Work instruction: Exact copy, no pictures: set down the lines from the one holding "TOYOTA TACOMA 2022 Silver" through the final line of the records below.

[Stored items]
────────────────────────────────────────

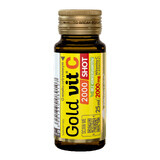 Olimp Gold-Vit C 2000 Shot, Zitronengeschmack, 25 ml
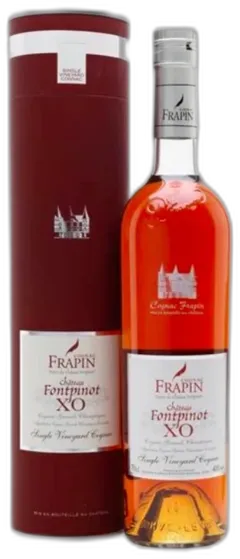 photo du vin Château Fontpinot XO Grande Champagne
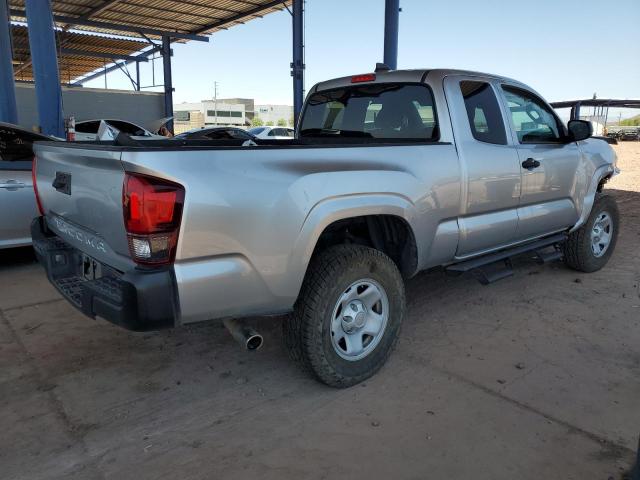  TOYOTA TACOMA 2022 Silver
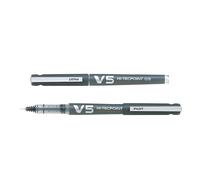 Roller Hi-Tecpoint Bxc-V5-Bg Rechargeable Black | Pilot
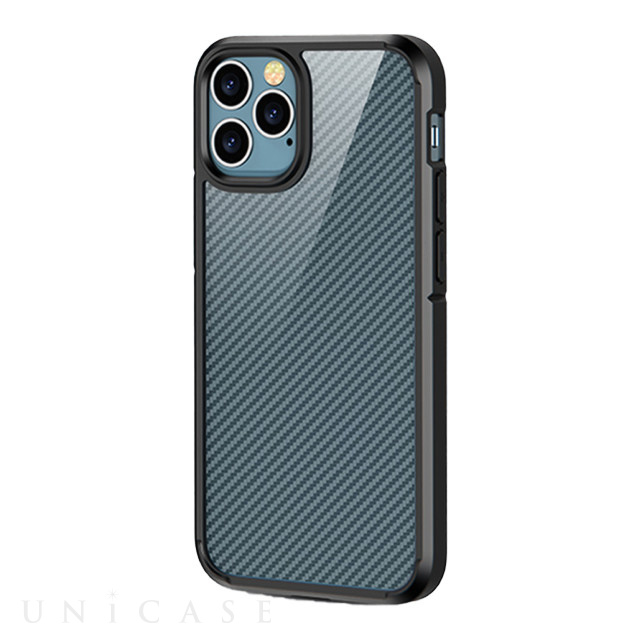 【iPhone13 Pro ケース】Guardian Series shockproof case (black)
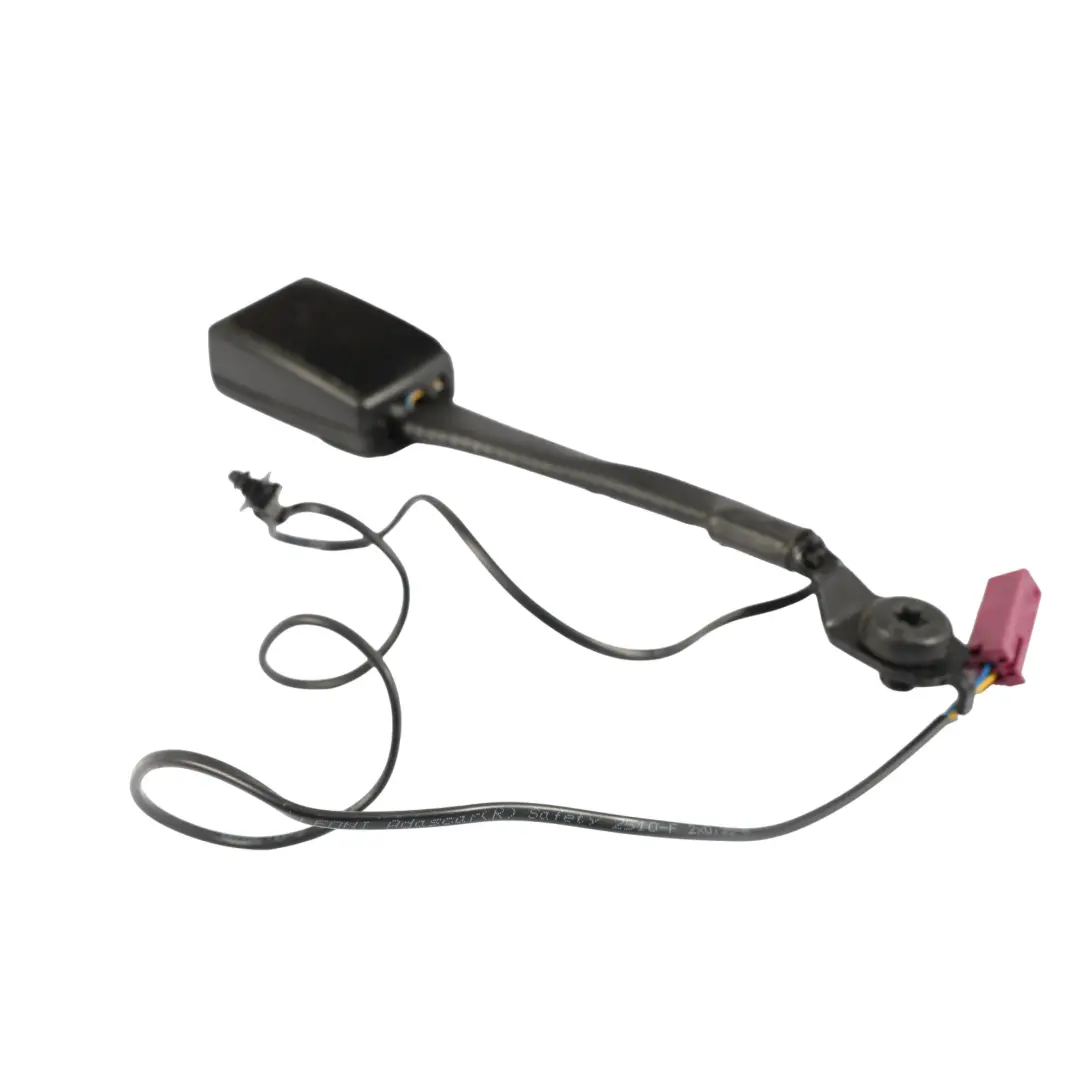 Ford Focus Mk3 Seat Belt Buckle Latch Catch Front Left N/S - SKU RHD-BM51-61209-ACW - Part number BM51-61209-ACW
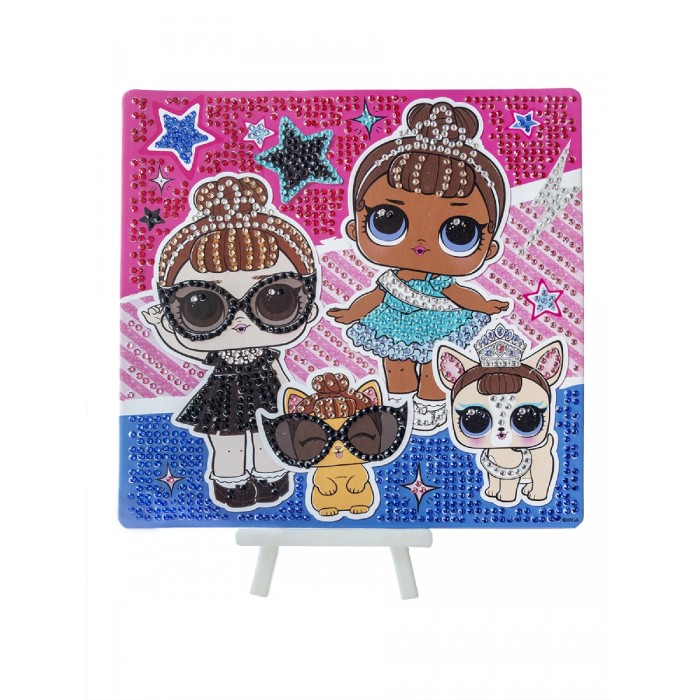  L.O.L. Surprise!   Glam life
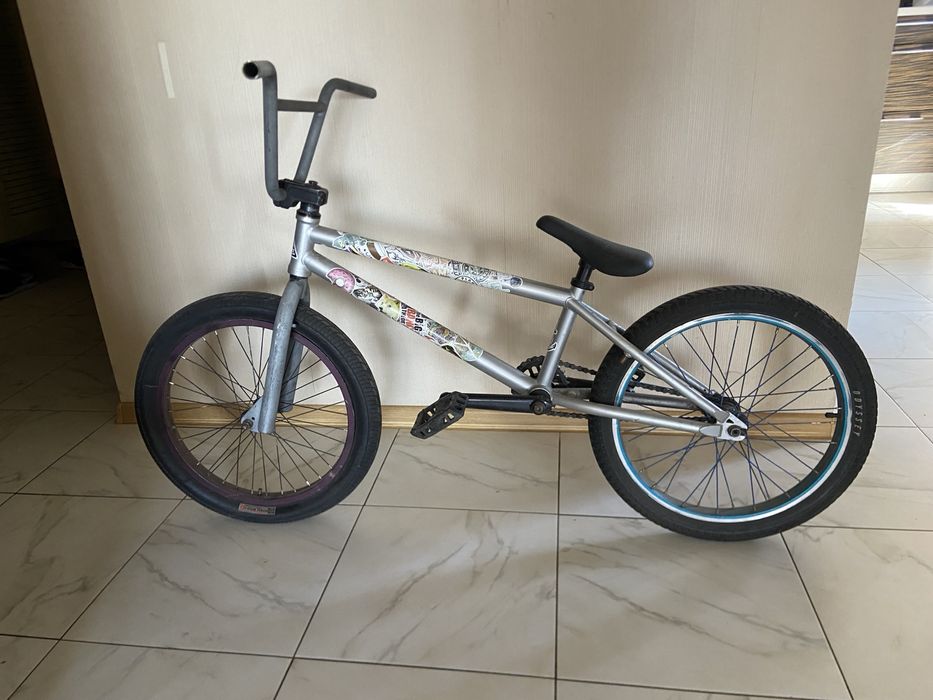 продам BMX в хорошем состоянии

────────────────────────────────────────

Answer to this problem:
  TOYOTA TACOMA 2022 Silver
 Roller Hi-Tecpoint Bxc-V5-Bg Rechargeable Black | Pilot
 【iPhone13 Pro ケース】Guardian Series shockproof case (black)
 Ford Focus Mk3 Seat Belt Buckle Latch Catch Front Left N/S - SKU RHD-BM51-61209-ACW - Part number BM51-61209-ACW
  L.O.L. Surprise!   Glam life
 продам BMX в хорошем состоянии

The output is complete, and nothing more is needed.